# Refinishing A Pistol



## Synthetic (May 10, 2007)

hi all, i have an old iver johnson .32 break open revolver that was given to me some years back. im looking to get it refinished in stainless steel again

does anyone know of some places that do good work?

anything will help
thank you

Anthony


----------



## Baldy (Jun 21, 2006)

You can't refinish a steel gun in Stainless Steel. You must mean that your gun is nickel plated. Most of them old Iver Johnsons are wall hangers and past their shooting times. Their only going for about $150.00 and would more than likely cost you more than that to refinish. Good luck if you try.
1893 Iver Johnson:


----------



## Synthetic (May 10, 2007)

ok thank you


----------



## Bob Wright (May 10, 2006)

If you're handy with tools you might consider re-finishing it yourself. This is the ideal platform to try it on.

I've refinished old IJ's with cold blue and gotten pretty good results. The original finish was really a "nickel wash" as opposed to nickel plating. Its not too hard to get down to bare metal and polish it. Then apply cold blue according to directions. It takes about three or four applications to get good results.

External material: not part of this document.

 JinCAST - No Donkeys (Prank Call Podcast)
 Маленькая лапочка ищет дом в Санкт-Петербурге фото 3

Parts needed are available from Numrich Gun Parts Corporation. You may have to take the frame to a shop to build up the frame lugs with weld metal. Makes a good educational project.

Bob Wright


----------



## Baldy (Jun 21, 2006)

Hey Bob what did you use for cold blue? I used some stuff called Blue Wonder and it did didn't do a very good job. I got a couple of old Rugers I am playing with and they both need bluing. Thanks Baldy.


----------



## Bob Wright (May 10, 2006)

*Cold Blue..........*

I used Birchwood Casey's Super Blue. The metal needs to be polished bright with emery cloth. After polishing with emery cloth, I polish it bright with Flitz metal polish. I use a disposable aluminum baking pan, from the super market, and fill it with lacquer thinner and bathe the part in that to degrease it.

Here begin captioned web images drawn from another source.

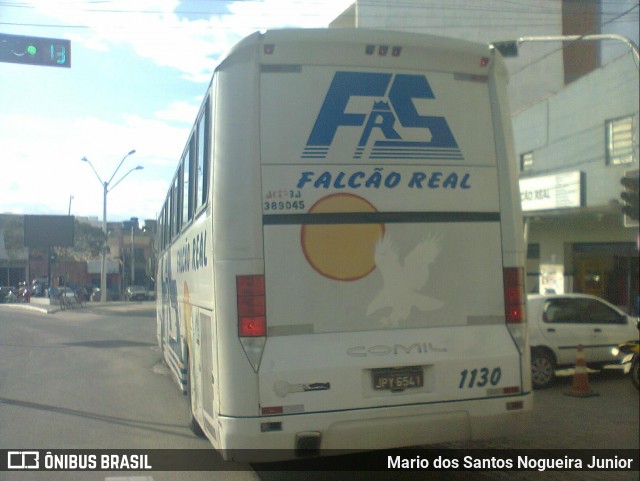 Falcão Real 1130 na cidade de Capim Grosso, Bahia, Brasil, por Mario dos Santos Nogueira Junior. ID da foto: 9220238.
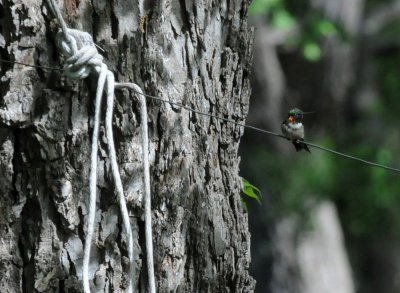 422neal 276rubythroatedhummingbird.jpg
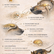 Scent discrimination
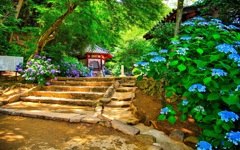 日本風景７４０　寺　庭　あじさい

I then apply the cold blue with a cotton swab or small brush. Let it dry as directed, flush with warm water and allow to dry. Buff with 4/0 steel wool or Scothbrite pad and blue again. Use about three applications. When dark as desired, buff and coat with boiled linseed oil and let set overnight. After about forty eight hours, wipe off the linseed oil and coat with gun oil or Three-In-One oil. My favorite is a blend of Three-In-One and motor oil, about 50/50 mix.

Again, this is not as durable as a gunsmith's hot blue, but works until the gun can be turned over to a 'smith.

Bob Wright


----------



## Baldy (Jun 21, 2006)

Thanks Bob as I got these two old Rugers that I am going to work over. I am going to send the one back to the factory and get it done right but I want to play with the other one. I already took it apart and cleaned it and put it back together. It still goes bang and the trigger is now smooth as silk. It was full of a bunch of gunk and old burnt powder. Thanks again.


----------